The litany of Japan’s trouble sounds familiar, because we’ve heard it before—a family selling a house for less than they owe the bank; a new frugality among the young (as if it were a bad thing!); the downsizing of new houses.
Fackler has some calming words for his readers, though. Twenty years of stagnation probably won’t happen to the U.S. after the bursting of our real estate bubble. Why?, you may ask:
“….largely because of the greater responsiveness of the American political system and Americans’ greater tolerance for capitalism’s creative destruction. Japanese leaders at first denied the severity of their nation’s problems and then spent heavily on job-creating public works projects that only postponed painful but necessary structural changes, economists say.”
In other words, we won’t make Japan’s mistake of investing in new roads, mass transit systems, bridge repairs, school facilities and other public works. By the way, from Rome under the Antonines, to Western Europe after the Black Plague, China in the Song Dynasty, New England before the Civil War and the United States in the 1930s-1960s, history tells us again and again that job-creating public works help all economies grow.
Fackler offers no proof, and does not even bother to cite the “economists” who say that public works will extend a recession into decades. Fackler accepts the free market as the only way to solve problems and government intervention as bad as the basic premises of his article. In fact, the very fact that he offers no other real contrast between Japan and the United States suggests that creating another opportunity to communicate free market ideology was the raison d’être, or prime motive, for writing the piece.
Let’s refute Fackler in three ways:
- He never proves that investment in public works extended the recession, he just says it. It’s likely that without public investment at whatever level Japan really made it, that the recession would have been much worse. No matter how the right-wing pundits try to twist the figures, the recovery programs of the United States and Western European countries prevented the recession from turning worse.
- When he contrasts Japan with the United States, he conveniently forgets about the last 11 years since our dot-come bubble burst in which incomes and investments have stagnated in the United States.
- Is it really true that Japan has stagnated? Everyone has been saying so for 20 years, but that’s the same “everyone” who says that because gross domestic product is up, we’re out of the recession even as unemployment dances around 10 percent.

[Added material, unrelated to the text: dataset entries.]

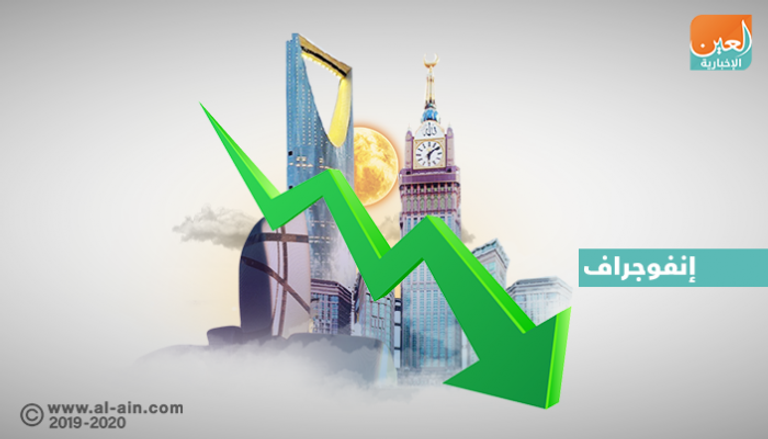 أرقام الميزانية السعودية تؤكد فاعلية الإصلاحات المالية والهيكلية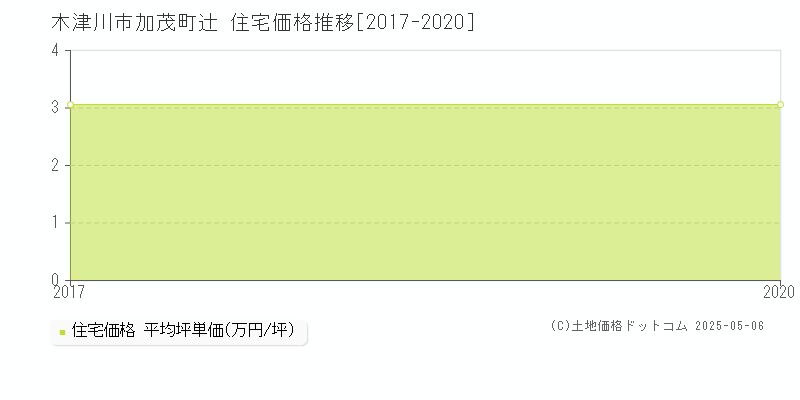加茂町辻(木津川市)の住宅価格推移グラフ(坪単価)[2017-2020年]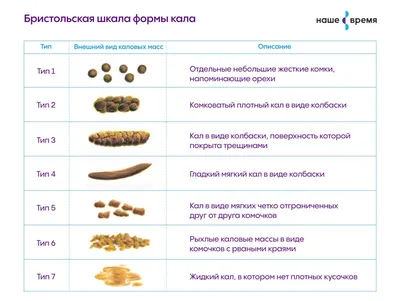 Боль в животе: неотложная помощь | Журнал Доктора Комаровського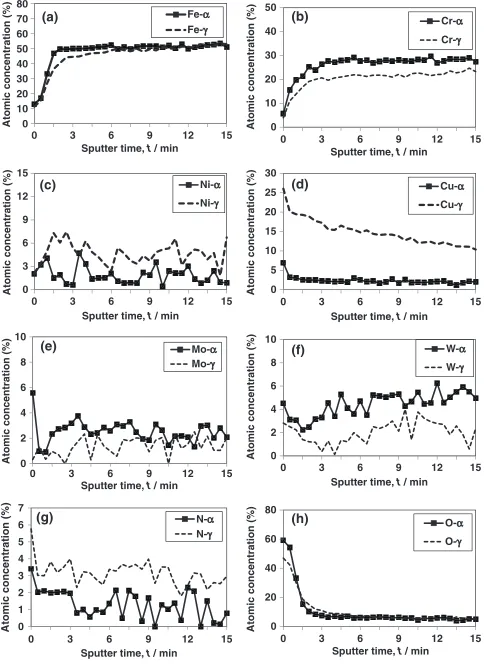 Fig. 9Comparison of the alloying elements in the ¡-phase with those inthe £-phase in the alloy-3 Cu measured by the scanning Auger multi-probes (SAM) after the potentiostatic polarization test at an appliedpotential of ¹0.2 VSCE in the deaerated 6.34 N H2SO4 solution at 353 K:(a) Fe, (b) Cr, (c) Ni, (d) Cu, (e) Mo, (f ) W, (g) N, and (h) O.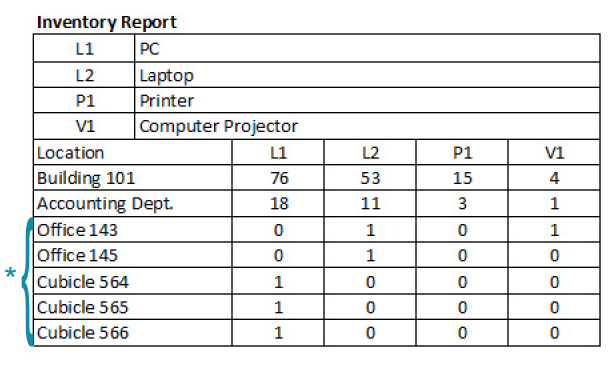 Inventory Report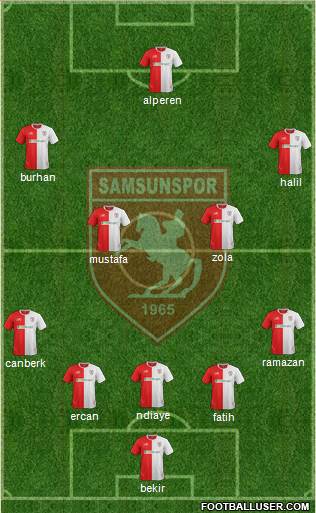 Samsunspor Formation 2016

We do know that China recently passed Japan to become the world’s second largest economy, but Japan is still way ahead of #4 India.
Let’s look at other key measures of economic well-being, all from the Economist’s Pocket World in Figures 2011. I think we’ll see that Japan is still doing pretty good on the whole:
- Most economic purchasing power – 3rd in world
- Standard of living – 29 (U.S.A. is 20!)
- Human development, which measures overall well-being – 9 (U.S.A. is 13!)
- Trader of goods – 4
- Surplus in balance of payments – 3 (U.S.A. is biggest debtor nation!)
Okay, China is kicking Japan’s butt in the competitive part of economics, but China is also kicking our butt and everyone else’s too.
Let’s look at Japan’s real problem: The fact that it rates first in median age in the world, first in percentage of people over the age of 60 and first in the percentage of people over the age of 80. That’s a lot of people who aren’t in the market for a new home.
In other words, Japan is the oldest nation and the one which is aging the fastest. As I discussed in yesterday’s blog entry, economists and policy makers haven’t done much work on the question of how to create a thriving economy when the population is aging and either stagnating or shrinking. Virtually all of economics assumes that the way to economic nirvana is growth, specifically in population and productivity.
Perhaps Japan’s economic stagnation is not a problem, just the natural result of an aging society. Perhaps Japan is as rich as it ever was but no richer, but that the distribution of its wealth among its residents has left pockets of distress, much as it has in the United States.